We Are Both Glued to Our Devices
We're both glued to our phones and laptops. Even when we're in the same room, we're not really present with each other. We want to connect, but we're addicted to our screens. How do we break this cycle and rediscover each other?
Thanks for sharing this. You're not alone in your struggle with screens.
I could give you advice about breaking bad habits and forming new ones (see my article above about harnessing science). But I think you deserve more than that. Can I be really honest?
Ok. Your mismanagement of devices is a secondary problem stemming from a deeper issue with your connection.
When not handled properly, your screens can function like an illicit lover. I know that sounds extreme, but anything that comes between you two is a threat to your intimacy. And it sounds like you're both letting your screens come between you. My hunch is that being on your screens became a convenient distraction from the challenges of being and staying connected. The issue hasn’t been addressed head-on, and now there’s a bigger divide between you.

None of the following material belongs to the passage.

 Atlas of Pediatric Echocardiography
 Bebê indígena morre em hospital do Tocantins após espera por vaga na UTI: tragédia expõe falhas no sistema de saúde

It’s not all doom and gloom, though. The fact that you’re asking the question about rediscovering each other shows that the light hasn’t gone out.
I think you need a few sessions with a trained couples therapist to get to the root of the disconnection before you make a plan for how to manage your life with screens.
Be prepared to do some honest introspection and clean out that closet of past gripes and discontent. Be ready to stretch into some new experiences together. You will grow together as you help each other go deeper.
For more reading specifically on managing screens, I recommend Cal Newport’s Digital Minimalism.